Exercise brief
In the records below, the lines between the one holding "Twee Meisjes Met" and the one holding "Appartement te huur", inclusive, are to be transcribed exactly; no pictures are to be included.

Material for this exercise

══════════

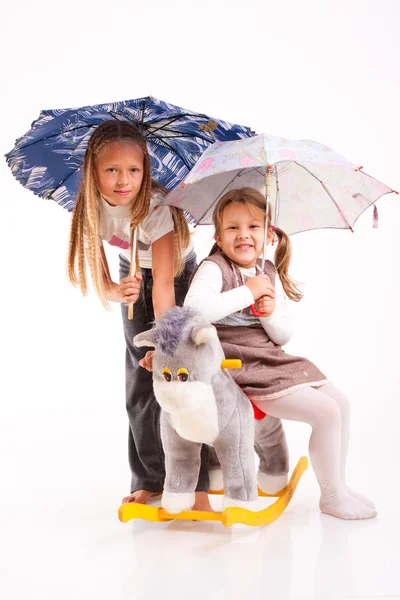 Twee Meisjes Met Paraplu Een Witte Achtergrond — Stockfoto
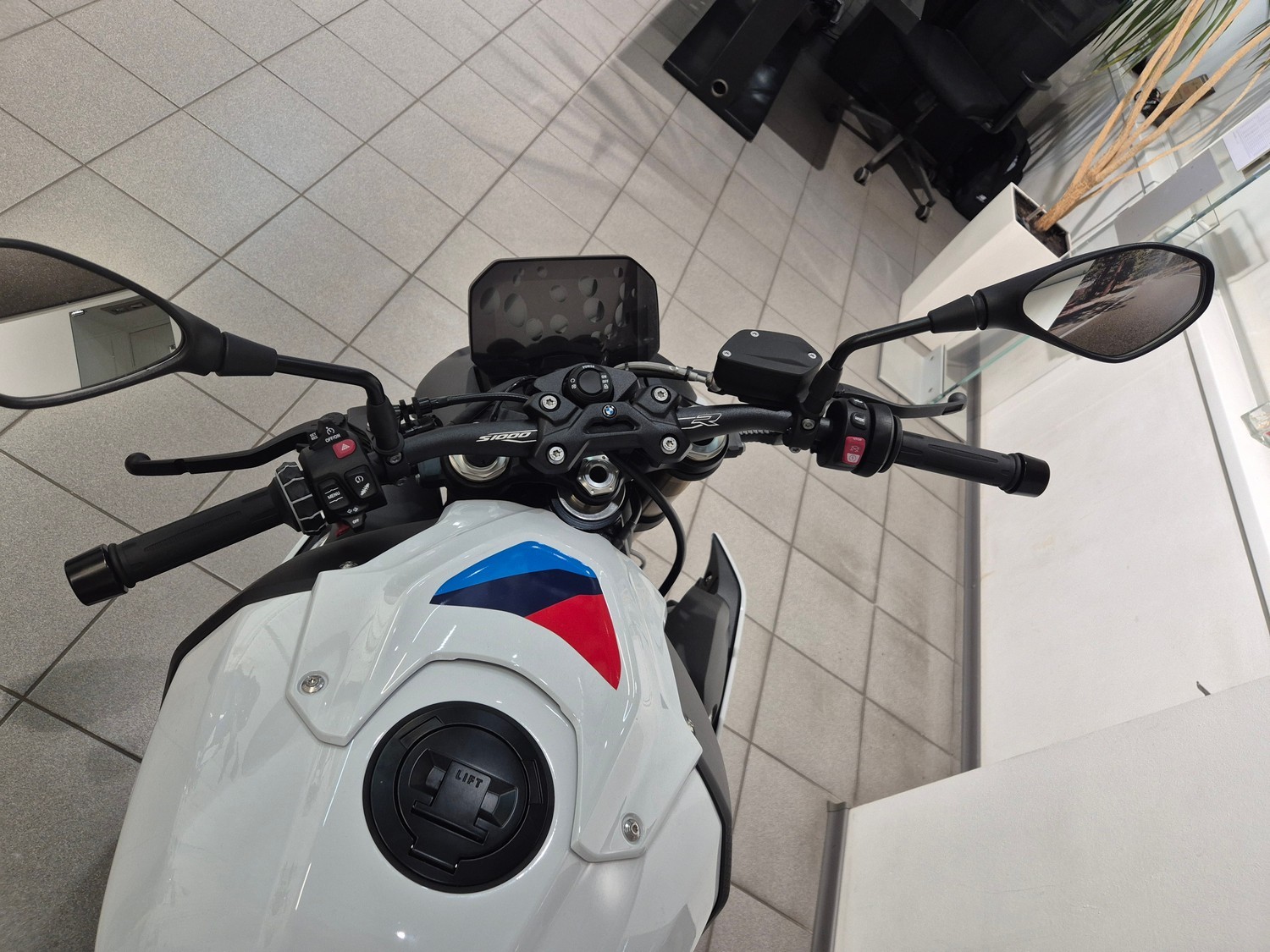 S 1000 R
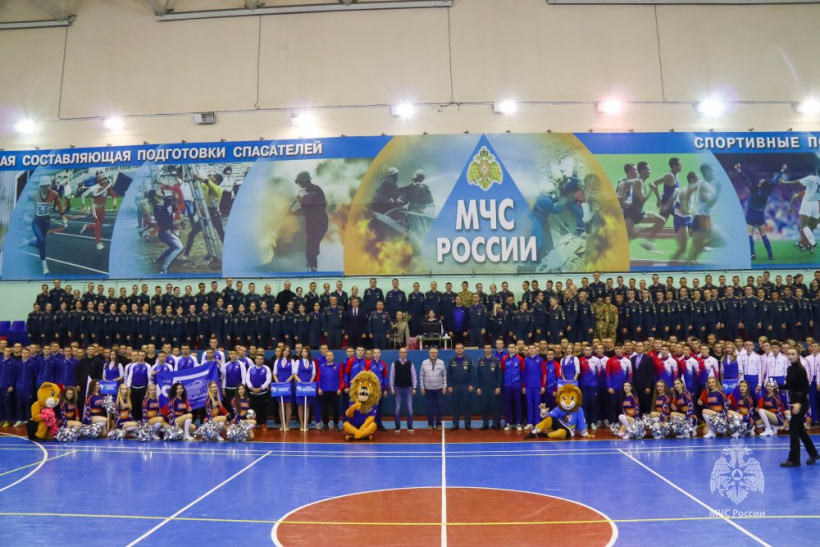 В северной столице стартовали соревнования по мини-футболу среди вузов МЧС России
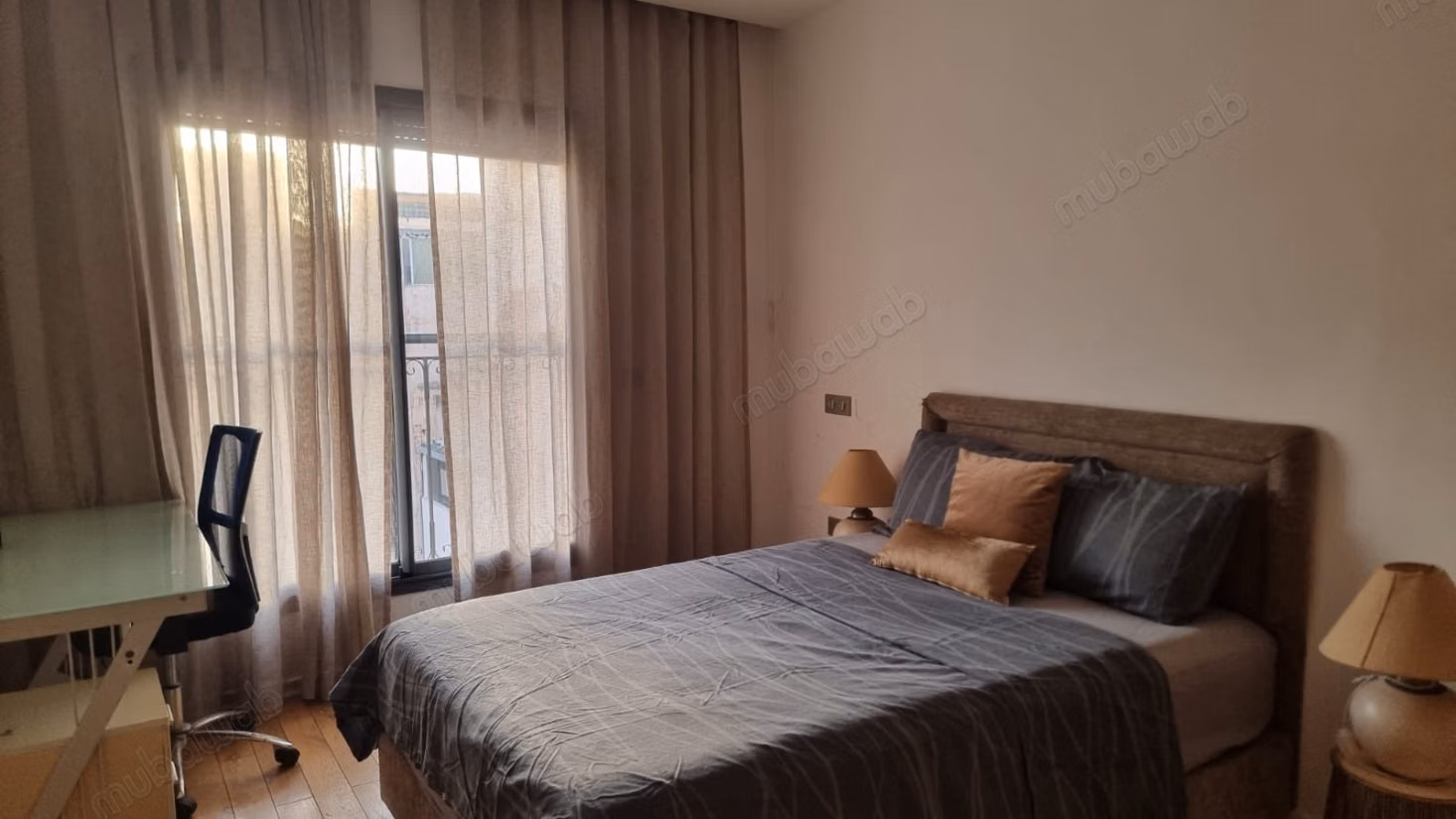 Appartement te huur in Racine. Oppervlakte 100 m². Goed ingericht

══════════

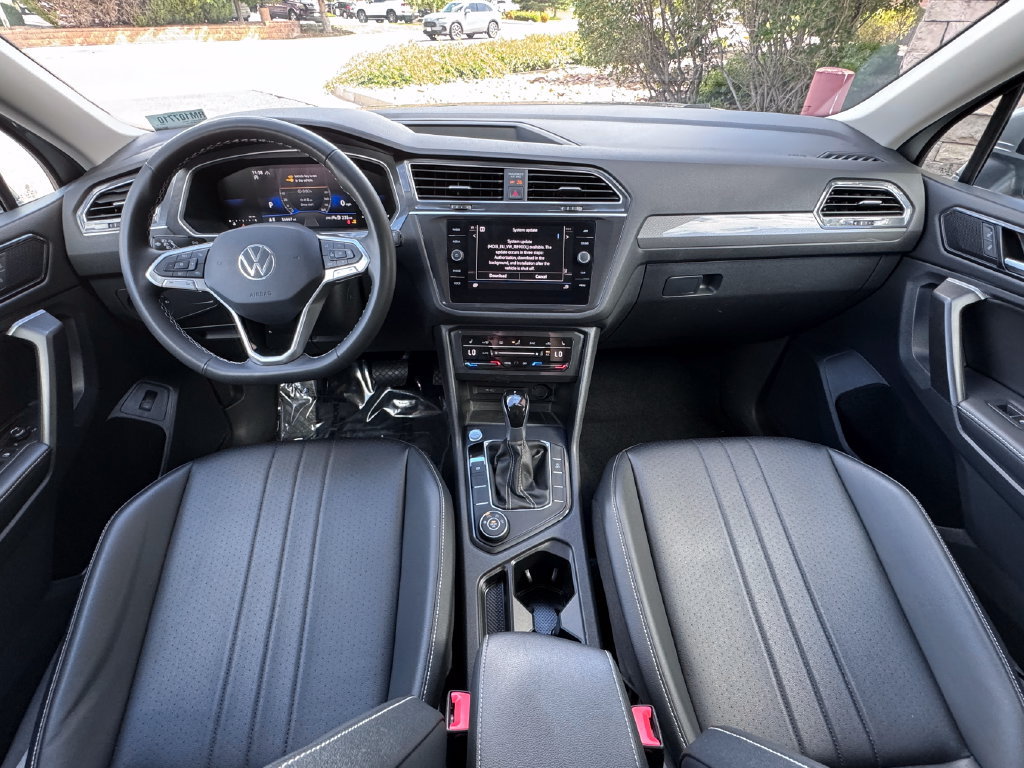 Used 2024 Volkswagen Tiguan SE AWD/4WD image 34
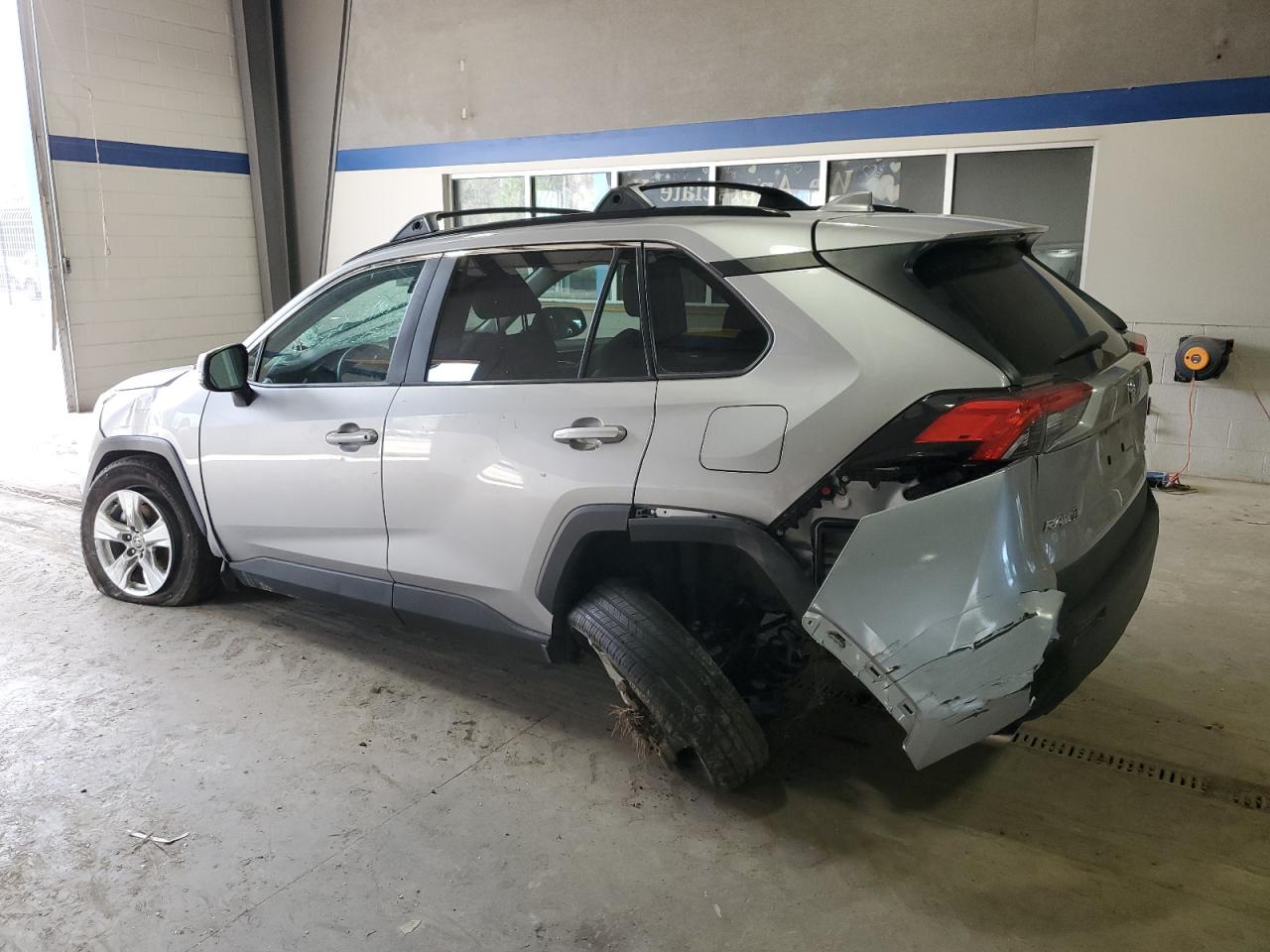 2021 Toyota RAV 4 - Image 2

══════════

Exercise answer
 Twee Meisjes Met Paraplu Een Witte Achtergrond — Stockfoto
 S 1000 R
 В северной столице стартовали соревнования по мини-футболу среди вузов МЧС России
 Appartement te huur in Racine. Oppervlakte 100 m². Goed ingericht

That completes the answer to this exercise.